Friday, February 09, 2007

Gifts for a 9 year old...

My little Valentine’s girl will turn 9 on Wednesday, so Maggie and I were in Dumfries this morning searching the shops for potential birthday presents. Unfortunately I’ve never been great at buying gifts at the best of times, but trying to get into the mindset of a 9-year-old female is beyond me altogether.

Every shop that sells toys has shelves and shelves of pink and fluffy things, including many things that clearly don’t benefit from being pink and fluffy, like pink and fluffy wellies for example. Mind you, I can’t see how little girl’s wellies can benefit from having high heels either. Isn’t that an unnecessary attempt at the sexualisation of prepubescent girls? On the one hand society has made us fear the potential paedophile who seemingly lurks on every street corner, but at the same time young children are being bombarded with clothes, make-up, fashions and role models that are designed to turn them into hip and happening, sexually liberated ladettes before they even reach double figures. Am I the only one who finds this aspect of our culture not just distasteful, but obscene?

Perhaps it’s just my age. Maybe I’ll soon be filling this blog with entries of “it wasn’t like this in my day…” and “I remember when youth had respect for their elders…” and “call that music…?
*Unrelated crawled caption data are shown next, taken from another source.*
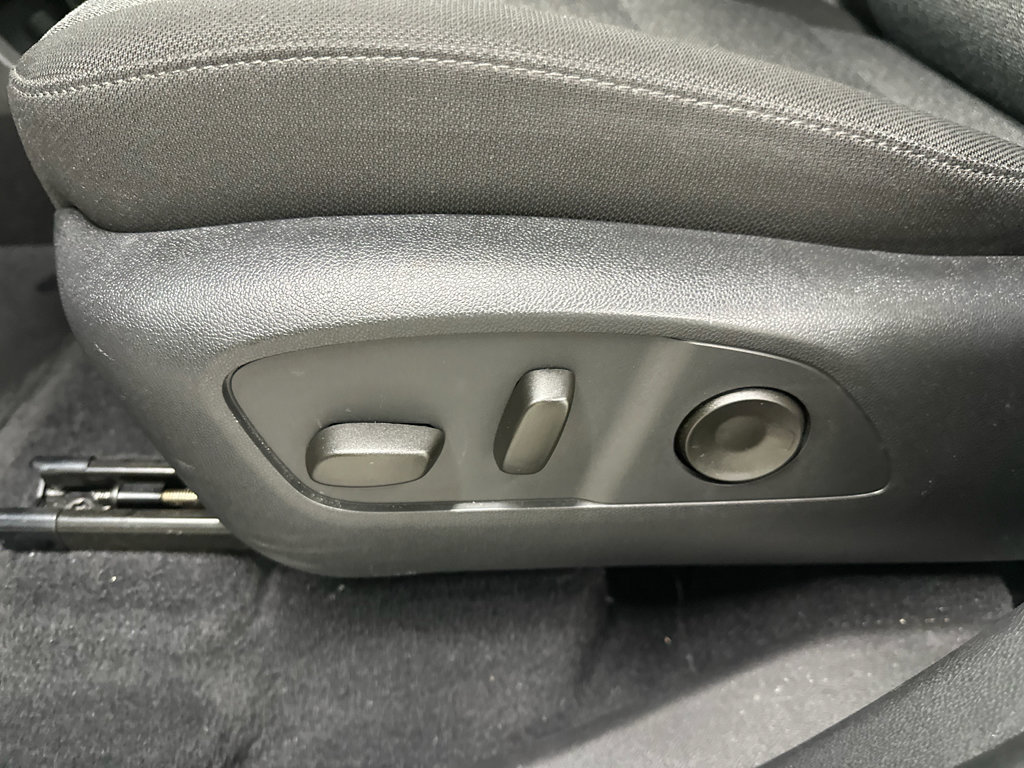 Used 2025 GMC Acadia Elevation image 30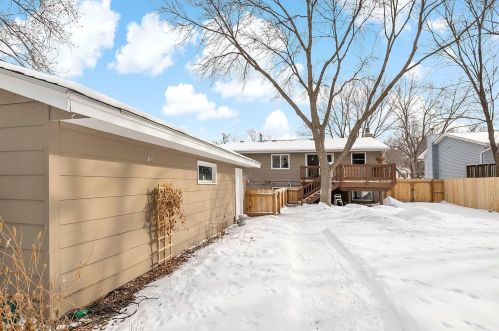 6415 Dawn Way, South Saint Paul MN 55076-1722 exterior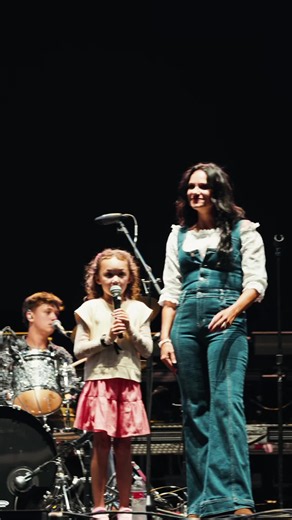 First time singing “Daddy’s Here” in front of 3,000 people… and our 7-year-old was READY. 🥹❤️ But the way the crowd responded at the end… 😭 Think she was born for this? 👇 🎶 Daddy’s Here — WallerCo #DaddysHere #WallerCo #FamilyBand #ChristianMusic #DadAndDaughter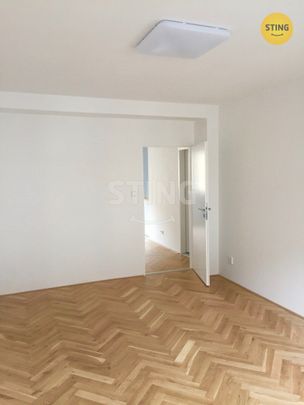 Byt 2+kk k pronájmu, Pardubice / Zelené Předměstí, ulice Na Hrádku - Photo 1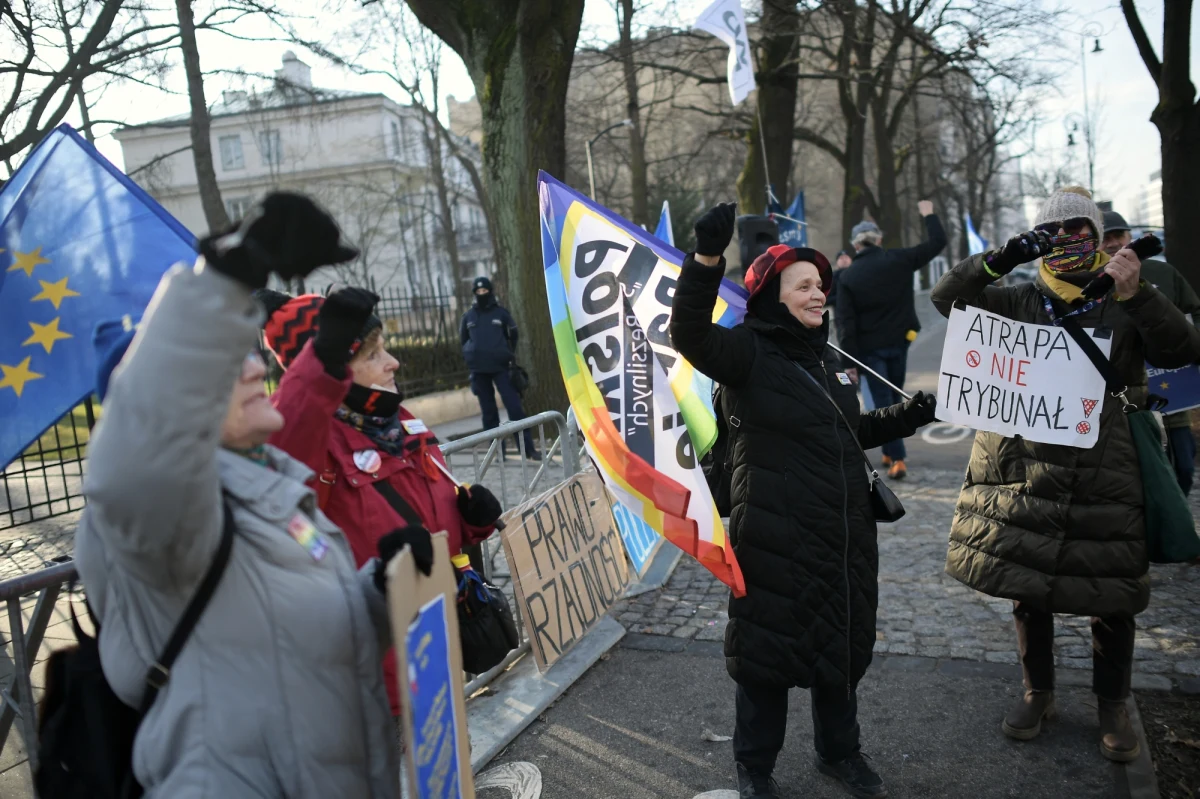 Trybunał Konstytucyjny odroczył bez terminu rozprawę w sprawie unijnych przepisów, które umożliwiły stworzenie mechanizmu wiążącego dostęp do środków UE z praworządnością. Wniosek w tej sprawie skierował prokurator generalny Zbigniew Ziobro.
But I do find the body shape fascism of girls dolls quite disturbing. We’ve never bought into the whole Barbie thing (see Death to Barbie), but there are other girlz on the block that are just as insidious. Bratz seem to be everywhere at the moment: Bratz dolls, Bratz magazines, Bratz clothes, Bratz pencil cases and Bratz school bags, Bratz pyjamas, Bratz wellies, Bratz computers, Bratz bicycles; it goes on forever. And that’s before you start including their spin-offs Kidz and Sisterz and Babyz.

I wonder if I could set up some rival toys called Gagz and Pukez.

We came home feeling slightly shell-shocked and no presents to show. A sensible pair of walking boots and perhaps Ice Age II on DVD, now seem the likeliest contenders.

21 comments:

Sam, Problem-Child-Bride said...

Agreed, Kim. Bratz dolls ("We're all individuals!") will never cross the threshold of Problem Towers. They look like aliens (those eyes!) and seem to want to convey to 8-year olds that being an "individual" has to do with leopard skin accessories and a pink dog.

Grumble, grumble, where's me Horlicks?

Happy birthday to the wee one when it comes.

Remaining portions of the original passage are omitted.